6. Zuweisen der betroffenen Domäne
Als nächsten Schritt gehe ich alle Anforderungen durch und weise sie einer Domäne zu. Dadurch kann ich anschließend bei der Bewertung auf die Spezialisten zugehen und mit Ihnen die Anforderungen klären. Ich nutze dazu die Einstufungen:
– Project -> Anforderungen, die das Projekt und nicht das System betreffen
– System -> Anforderungen, die das System als Ganzes betreffen
– Mechanic -> Anforderungen, die die Mechanik betreffen
– Hardware -> Anforderungen, die die Hardware betreffen
– Software -> Anforderungen, die die Software betreffen
– Testing -> Anforderungen, die den Testbereich betreffen

Manche Anforderungen können auch mehrere Zuweisen gleichzeitig beinhalten. Beispielsweise Software und Hardware, wenn es um eine Datenschnittstelle geht.

7. Zuweisen des Status einer Anforderung
Nun weise ich jedem Satz kontinuierlich einen Status zu. Ich nutze dazu die Einstufungen:
– n/a (not applicable) -> für Überschriften
– open -> noch nicht bearbeitet
– in work -> ist in Bearbeitung
– in clarification -> wird gerade geklärt
– in review -> wird gerade gereviewed
– closed -> ist abgeschlossen

Das bedeutet, jede Anforderung beginnt mit open und endet mit closed. Außer natürlich die Überschriften, die bleiben n/a. So kann ich über die Analysephase jederzeit den Status der Ergebnisse nachvollziehen.

8. Klärung der Anforderung
Jetzt kommt der knifflige Teil des Jobs. Ich muss die Anforderungen klären. Einen größeren Teil kann ich oft schnell abhaken, aber etwa 20% der Anforderungen bedürfen häufig eine intensivere Nachfrage, was genau gemeint ist. Die alte 80/20 Regel kommt hier deutlich zum Tragen. Alle Fragen und Antworten dokumentiere ich in einem eigenen Bemerkungsfeld hinter dem Anforderungssatz.
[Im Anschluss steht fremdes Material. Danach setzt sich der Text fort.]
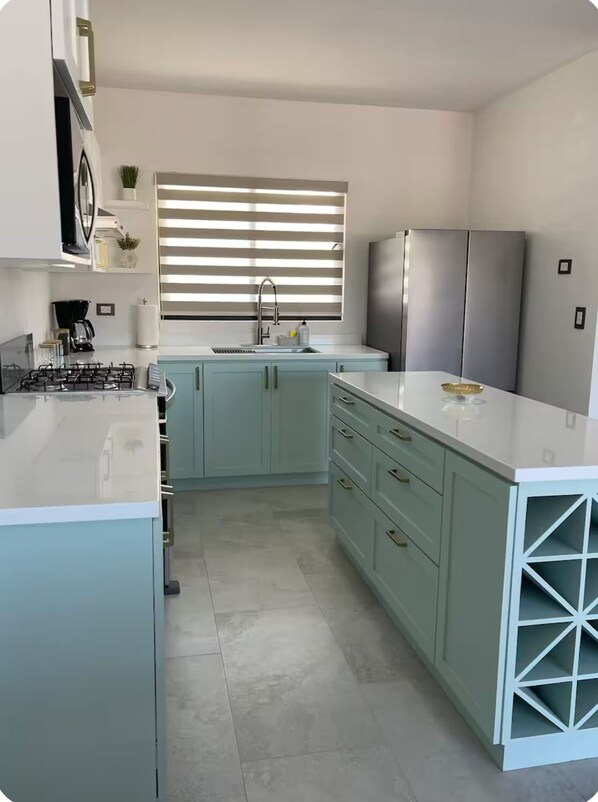 Micro-ondas, fogão, cooktop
9. Abschließende Bewertung der Anforderung
Wenn ich alle Fragen geklärt habe, nehme ich die Bewertung der Anforderung vor. Hierzu nutze ich „akzeptiert“, „teilweise akzeptiert“ oder „nicht akzeptiert“.Hier kann ich aus dem „Wünsch-dir-was“ der Kundenanforderungen entscheiden und manche abweisen oder eine Alternative vorschlagen. Auch das dokumentiere ich dann im Bemerkungsfeld.
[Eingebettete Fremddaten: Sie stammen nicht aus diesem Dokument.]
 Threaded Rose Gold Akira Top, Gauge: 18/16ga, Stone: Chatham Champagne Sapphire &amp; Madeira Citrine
10. Hilfreiche Tipps & Tricks

  • Einsatz von Templates
    Ich nutze meine Templates für die Bewertung. Damit habe ich immer ein Schema, um nichts zu vergessen. Ich habe Ihnen mein Template bereitgestellt. Passen Sie es Ihren Bedürfnissen an.
  • Schnittstelle zum Aufwandsschätzen
    Die Bewertung ist die Grundlage für die Aufwandsschätzung. Bedenken Sie dies, wenn Sie eine Releaseplanung erstellen. Mehr dazu finden Sie in dem Tutorial Effektive Aufwandsschätzung für komplexe Projekte. Dort habe ich beschrieben, wie ich eine Releaseplanung und eine Aufwandsschätzung durchführe.
  • Schnelllesen lernen
    Lernen Sie, schnell zu lesen. Ich halte das für eine Kernkompetenz eines Systemingenieurs. Ich kann Ihnen dazu ein Buch empfehlen: „Schneller lesen – besser verstehen“ von Wolfgang Schmitz. Dadurch habe ich meine Lesegeschwindigkeit deutlich gesteigert.
  • Unterschätzen Sie nicht den Aufwand
    Eine zu oberflächliche Analyse und Abstimmung wird hinten heraus extrem teuer. Eine zu aufwändige Analyse bringt keinen Mehrwert. Meiner Erfahrung nach sind ca 10-15% des Entwicklungsaufwands eines Projekts eine gute Größe. Bei komplexen und sicherheitskritischen Systemen oder bei schlecht geschriebenen Lastenheften kann es auch mal mehr werden.

Was ist das Ergebnis?

Nun habe ich eine bewertete Liste der Anforderungen. Diese kann ich zusammen mit dem kaufmännischen Teil dem Kunden im Rahmen eines Angebotes zuschicken. Wenn ich in einem Troubleshooting-Projekt bin, nutze ich das Ergebnis, um die Situation neu auszuverhandeln. Das ist nicht angenehm, muss aber sein. Bedenken Sie, die Welt dreht sich weiter, und vorherige Analyse war nur eine Situationsaufnahme mit den damals bekannten Vorgaben.

Zusammenfassung

Lastenheftbewertung ist ein kleine Kunst für sich. Aber egal, wie lange sie für die Analyse brauchen, die Zeit, die Sie investieren, lohnt es sich am Ende um ein Vielfaches. Ich habe nur zu oft als Troubleshooter kritische Projekte übernommen, die ihr Entwicklungsbudget vervielfacht haben, nur weil sie vorher keine Zeit investiert hatten.

Weitere Empfehlungen

In dem Podcast bespreche ich immer wieder das Thema Spezifikation und die Herausforderungen damit.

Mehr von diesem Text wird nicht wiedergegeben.